There’s science to making great fried rice
Chefs make the dish often without realizing the physics behind it
To make fried rice like a pro, use science. That’s what two physicists now advise.
Chefs typically toss the frying food into the air from deep, rounded pans ⎯ or woks ⎯ before catching it again. Launching rice and its fixings allows a chef to cook it over really hot flames without burning. At times, temperatures in a pan can reach 1,200° Celsius (2,192° Fahrenheit). This helps create the tastiest stir-fried fare. Now, Hungtang Ko and David L. Hu have analyzed videos of five chefs cooking up fried rice in Chinese restaurants. By doing this, Ko and Hu uncovered the repeated motions used to toss that rice. Both Ko and Hu work at the Georgia Institute of Technology in Atlanta.
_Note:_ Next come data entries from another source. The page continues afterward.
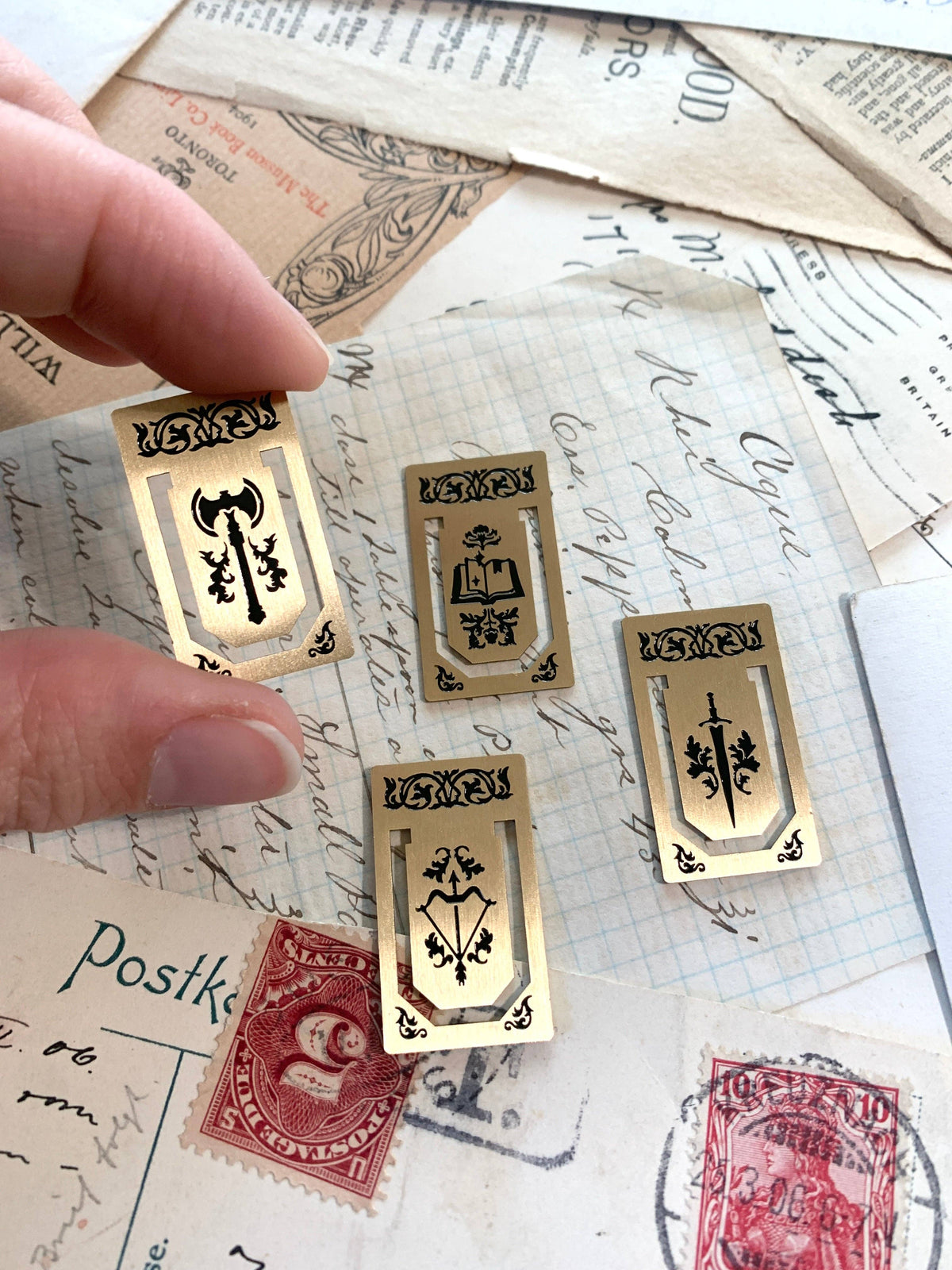 Mini Brass Page Markers – Set of 4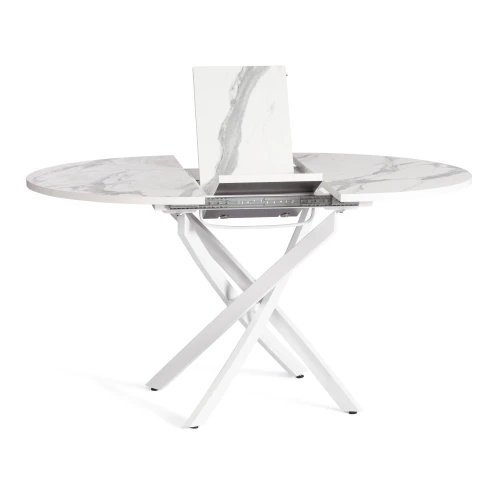 Стол MANZANA ЛДСП/HPL/металл, 100 х 100+30 х 75 см, Мрамор светлый/белый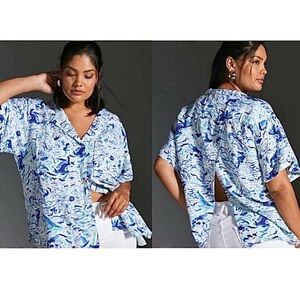 Anthropologie Maeve Blue and White Women's graphic button-up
The scientists found that the chefs relied on a specific pattern of motion. And they repeated those motions about three times a second. Ko and Hu described those movements February 12 in the Journal of the Royal Society Interface. Each repetition included sliding a wok back and forth at the same time it was rocked to and fro. The chefs used the rim of the stovetop as a fulcrum on which to balance their pan as they rocked it.
Cooks use similarly complex patterns of movement to cook up other foods. They will tilt and rotate batter in a pan, for instance, to get smooth, flat crepes.
Ko and Hu used a computer to simulate the trajectories of rice that would occur in a wok moved in various ways. Along the way, the scientists hit on some key culinary tips. The rocking and sliding motions shouldn’t be totally in sync. If they are, the rice won’t mix well and could burn. Also, the wok’s movements should repeat rapidly. Moving the wok even faster could launch the rice higher. That might allow cooking at higher temperatures, they say, and perhaps a quicker meal.
But faster shaking may be hard on a cook. Chefs at Chinese restaurants can struggle with shoulder pain, studies have shown. Rapidly shaking their heavy woks could be part of the problem. One solution, Ho and Ku suggest, might be a stir-frying robot. It could be built based on their newfound results, they say, to take the weight off chefs’ shoulders.